AT&T and Other I.S.P.'s May Be Getting Ready to Filter

http://bits.blogs.nytimes.com/2008/01/08/att-and-other-isps-may-be-getting-ready-to-filter/index.html

By Brad Stone

For the last 15 years, Internet service providers have acted - to use an 
old cliche - as wide-open information super-highways, letting data flow 
uninterrupted and unimpeded between users and the Internet.

But I.S.P.'s may be about to embrace a new metaphor: traffic cop.

At a small panel discussion about digital piracy at NBC's booth on the 
Consumer Electronics Show floor, representatives from NBC, Microsoft, 
several digital filtering companies and the telecom giant AT&T said the 
time was right to start filtering for copyrighted content at the network 
level.

Such filtering for pirated material already occurs on sites like YouTube 
and Microsoft's Soapbox, and on some university networks.

Network-level filtering means your Internet service provider " Comcast, 
AT&T, EarthLink, or whoever you send that monthly check to " could soon 
start sniffing your digital packets, looking for material that infringes 
on someone's copyright.

"What we are already doing to address piracy hasn't been working. There's 
no secret there," said James Cicconi, senior vice president, external & 
legal affairs for AT&T.

Mr. Cicconi said that AT&T has been talking to technology companies, and 
members of the M.P.A.A. and R.I.A.A., for the last six months about 
carrying out digital fingerprinting techniques on the network level.

"We are very interested in a technology based solution and we think a 
network-based solution is the optimal way to approach this," he said. "We 
recognize we are not there yet but there are a lot of promising 
technologies. But we are having an open discussion with a number of 
content companies, including NBC Universal, to try to explore various 
technologies that are out there."

Internet civil rights organizations oppose network-level filtering, arguing 
that it amounts to Big Brother monitoring of free speech, and that such 
filtering could block the use of material that may fall under fair-use 
legal provisions " uses like parody, which enrich our culture.

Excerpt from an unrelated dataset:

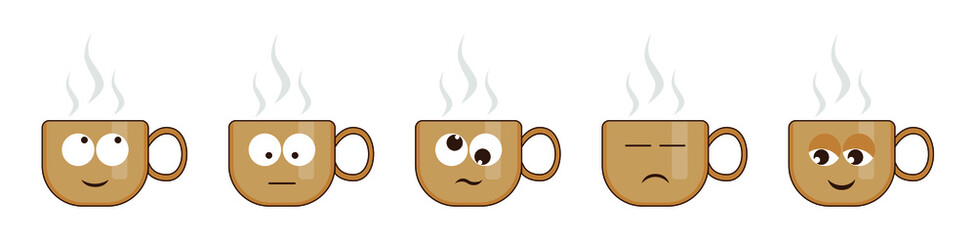 Coffee cups with different cartoon faces. What is your coffee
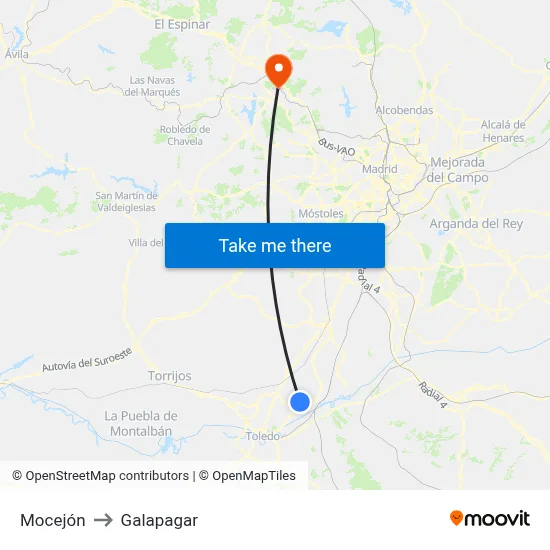 Mocejón to Galapagar map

Rick Cotton, the general counsel of NBC Universal, who has led the 
company's fights against companies like YouTube for the last three years, 
clearly doesn't have much tolerance for that line of thinking.

"The volume of peer-to-peer traffic online, dominated by copyrighted 
materials, is overwhelming. That clearly should not be an acceptable, 
continuing status," he said. "The question is how we collectively 
collaborate to address this."

I asked the panelists how they would respond to objections from their 
customers over network level filtering - for example, the kind of angry 
outcry Comcast saw last year, when it was accused of clamping down on 
BitTorrent traffic on its network.

"Whatever we do has to pass muster with consumers and with policy 
standards. There is going to be a spotlight on it," said Mr. Cicconi of 
AT&T.

After the session, he told me that I.S.P.'s like AT&T would have to handle 
such network filtering delicately, and do more than just stop an upload 
dead in its tracks, or send a legalistic cease and desist form letter to a 
customer. "We've got to figure out a friendly way to do it, there's no 
doubt about it," he said.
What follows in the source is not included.